Water content trends in K2-138 and other low-mass multi-planetary systems

Abstract

Context. Both rocky super-Earths and volatile-rich sub-Neptunes have been found simultaneously in multi-planetary systems, suggesting that these systems are appropriate to study different composition and formation pathways within the same environment. Aims. We perform a homogeneous interior structure analysis of five multi-planetary systems to explore compositional trends and their relation with planet formation. For one of these systems, K2-138, we present revised masses and stellar host chemical abundances to improve the constraints on the interior composition of its planets. Methods. We conducted a line-by-line differential spectroscopic analysis on the stellar spectra of K2-138 to obtain its chemical abundances and the planetary parameters. We selected multi-planetary systems with five or more low-mass planets (M < 20 M⊕) that have both mass and radius data available.
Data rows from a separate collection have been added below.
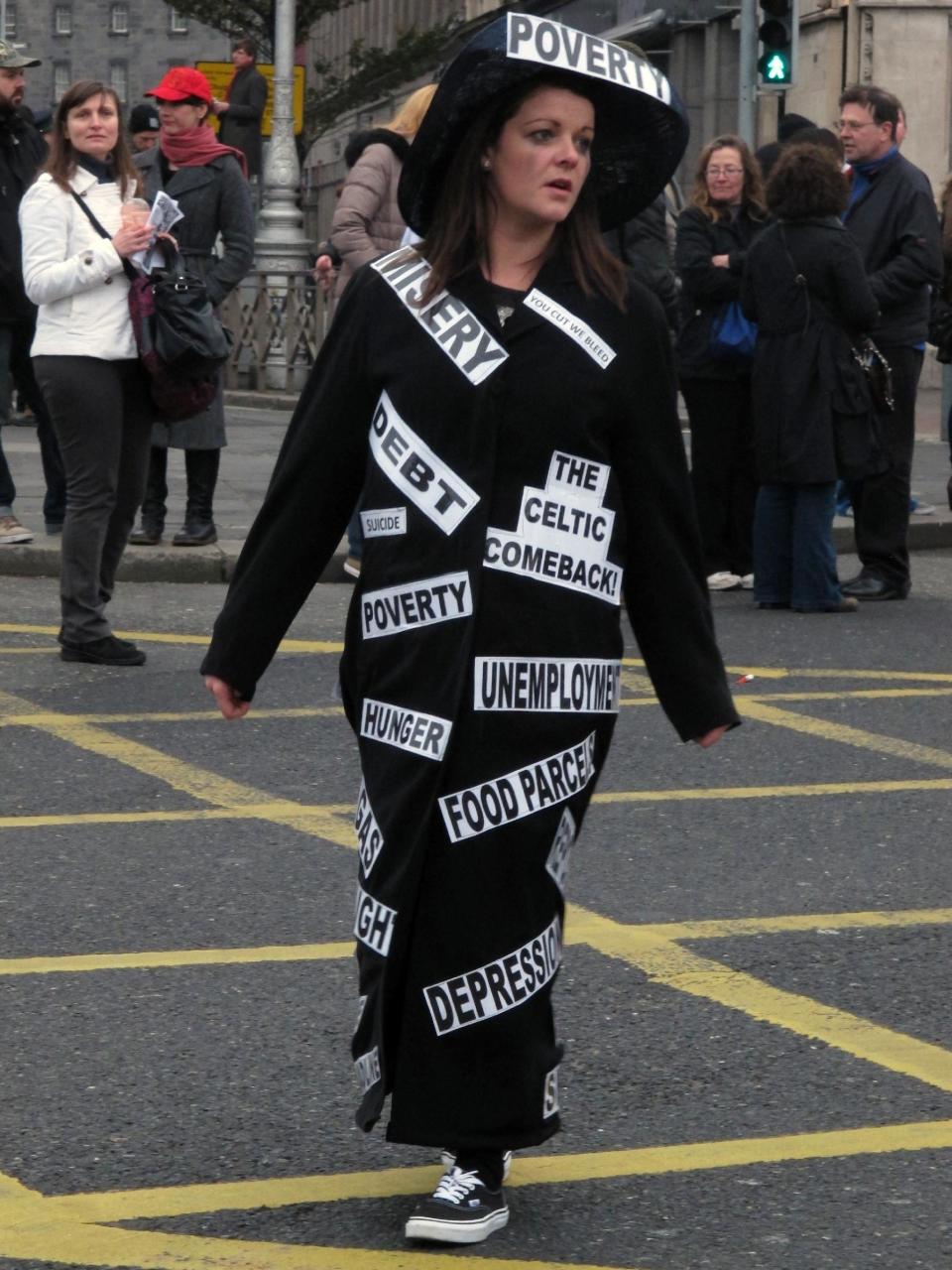 Dublin school assistant Lizzy Stringer,26, parades in a costume depicting Ireland's economic woes during an anti-austerity protest Saturday, Nov. 24, 2012. The government says it will unveil Ireland's sixth straight austerity budget next month in hopes of reducing the country's 2013 deficit to 8.6 percent, still nearly triple the spending limit that eurozone members are supposed to observe. (AP Photo/Shawn Pogatchnik)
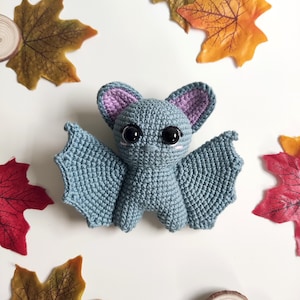 May include: A handmade crochet bat toy, featuring a grey body, large black eyes, and purple ear and wing accents. The bat is set against a white backdrop with autumnal leaves in red, orange, and yellow, and small wooden discs.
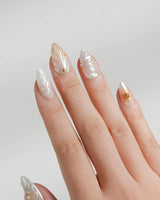 Golden Bay five-star resort nails with milky shimmer and sculpted gold details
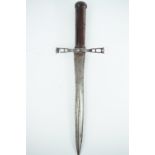 An antique dagger, having the truncated blade of a colichemarde, having a cast steel reticulated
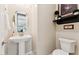 Charming powder room with pedestal sink, oval mirror, and elegant décor at 7511 S Parkcrest St, Gilbert, AZ 85298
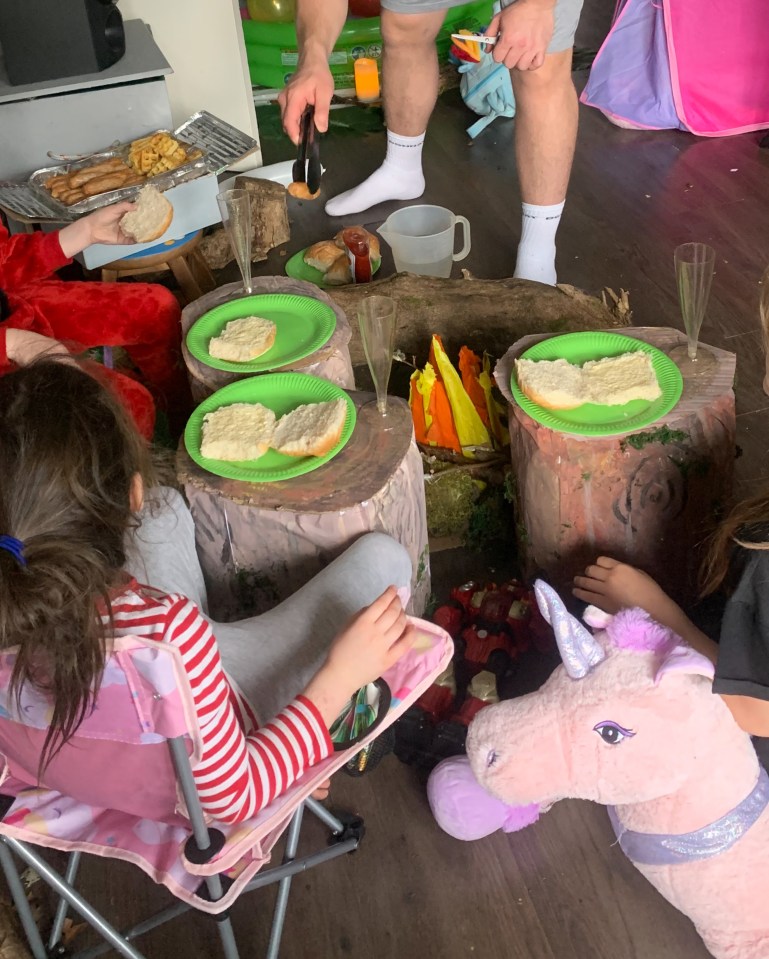  KayliMia, six, spent the weekend 'camping' in tents and sitting on logs around a makeshift campfire with her step brother and sister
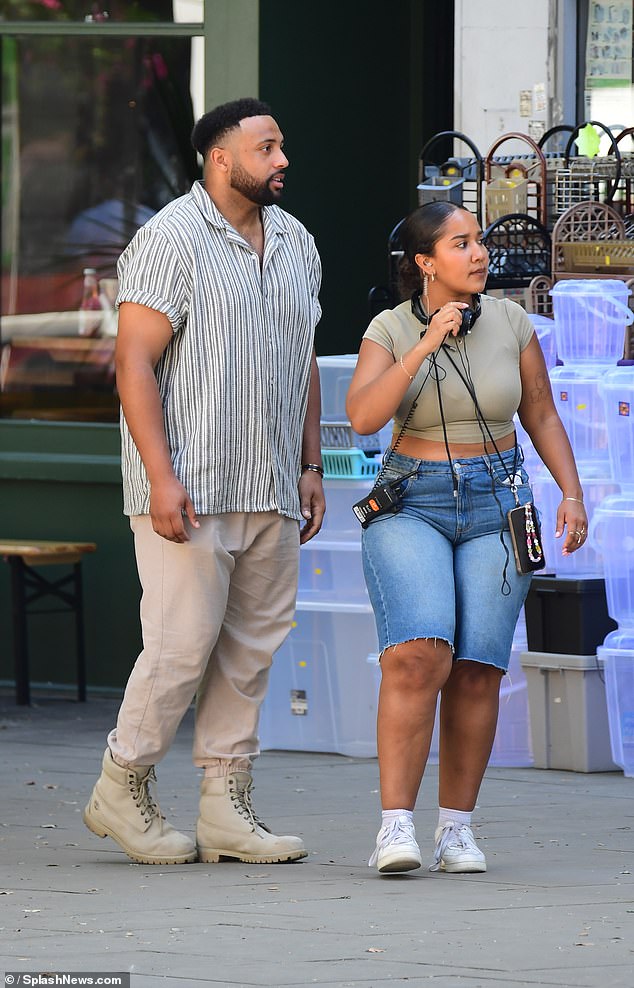 Meanwhile, her date wore an oversized striped shirt with cargo pants and boots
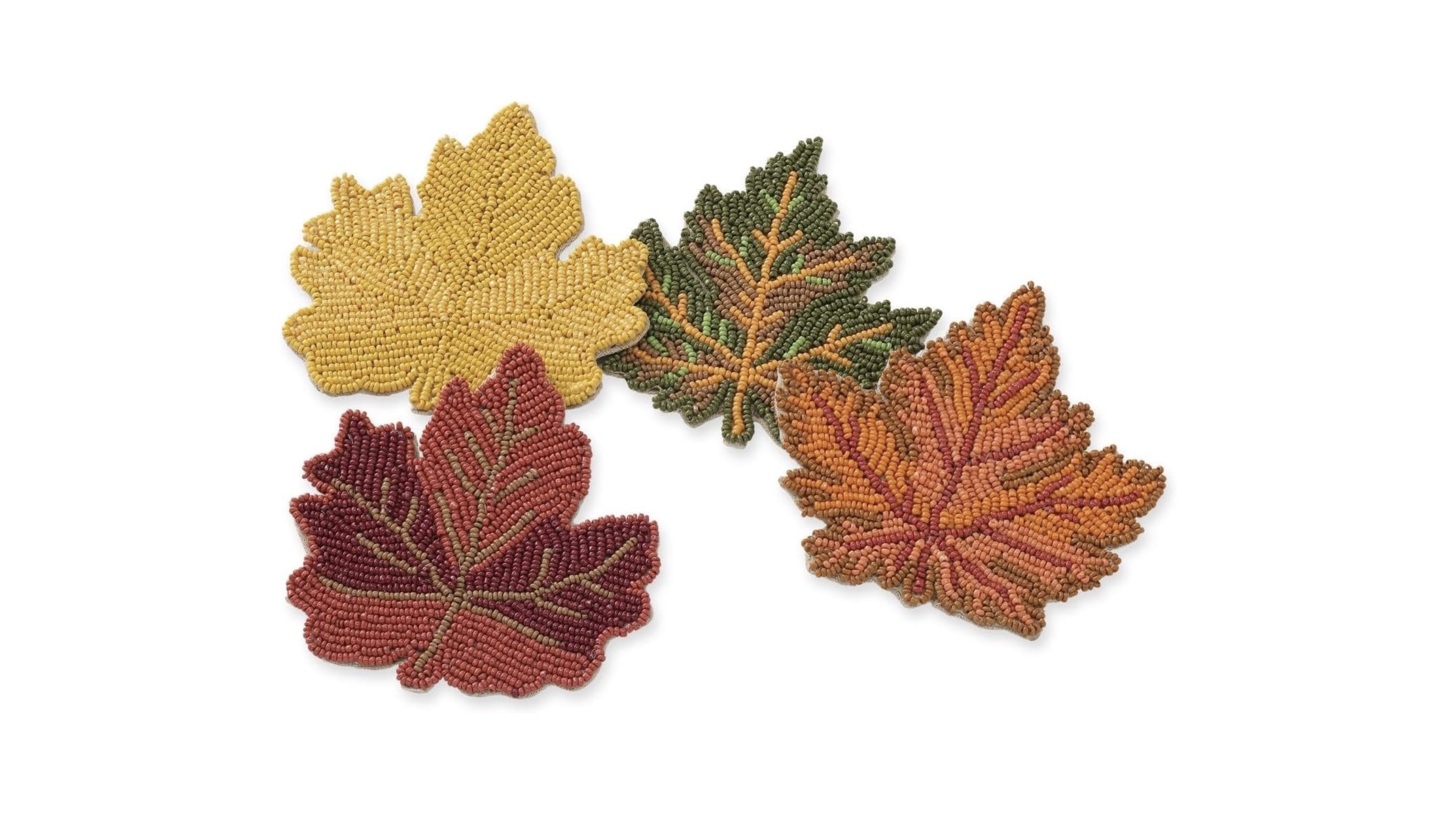 Beaded coasters in the shape of multicolored fall maple leaves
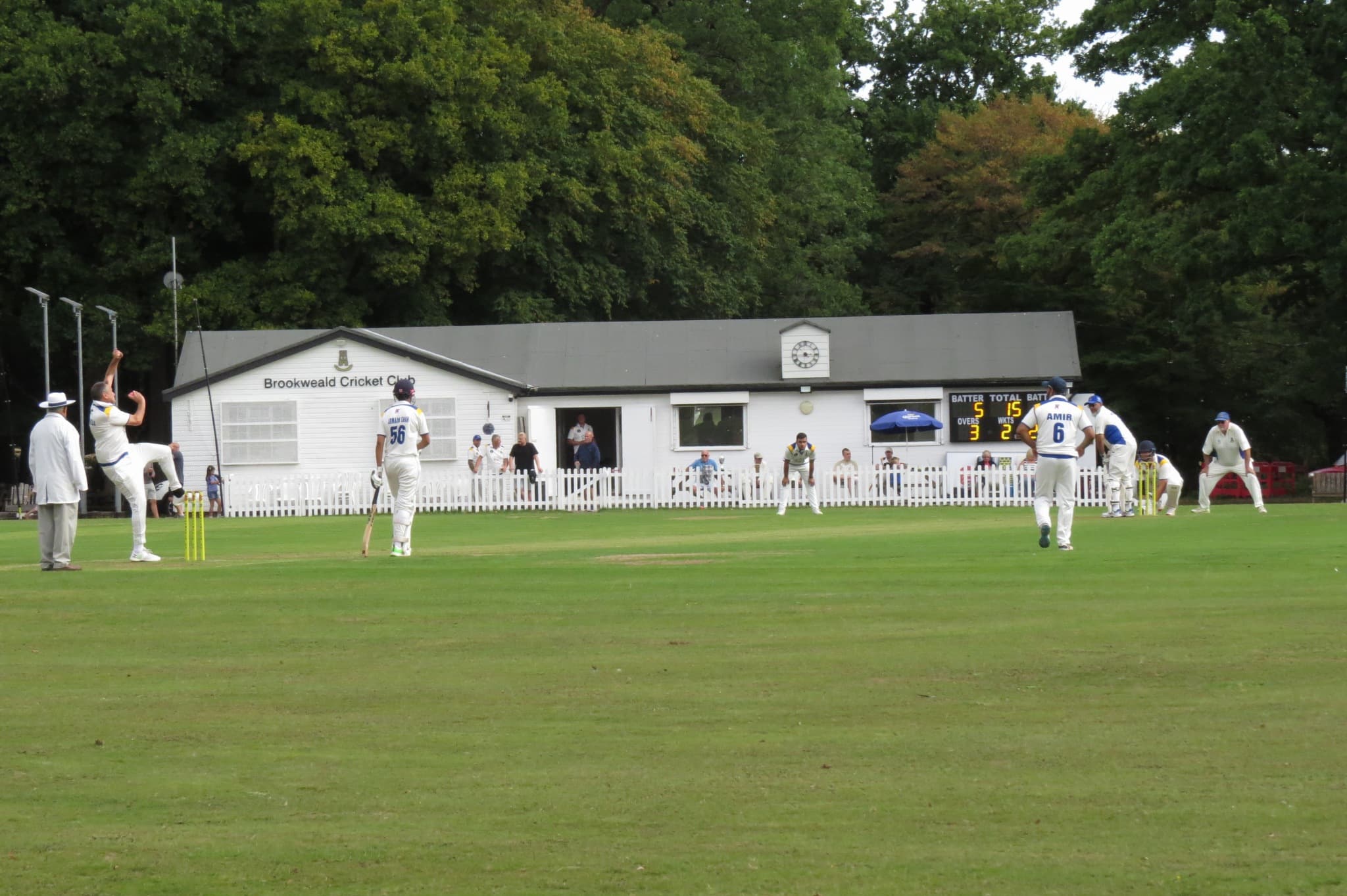 A Brookweald bowler runs in during a league match, with the white clubhouse and scoreboard behind, at Weald Road, Brentwood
We carried out a homogeneous interior structure analysis on the planetary systems K2-138, TOI-178, Kepler-11, Kepler-102, and Kepler-80. We estimated the volatile mass fraction of the planets in these systems assuming a volatile layer constituted of water in steam and supercritical phases. Our interior-atmosphere model took the effects of irradiation on the surface conditions into account. Results. K2-138 inner planets present an increasing volatile mass fraction with distance from their host star, while the outer planets present an approximately constant water content. This is similar to the trend observed in TRAPPIST-1 in a previous analysis with the same interior-atmosphere model. The Kepler-102 system could potentially present this trend. In all multi-planetary systems, the low volatile mass fraction of the inner planets could be due to atmospheric escape, while the higher volatile mass fraction of the outer planets can be the result of accretion of ice-rich material in the vicinity of the ice line with later inward migration. Kepler-102 and Kepler-80 present inner planets with high core mass fractions which could be due to mantle evaporation, impacts, or formation in the vicinity of rocklines.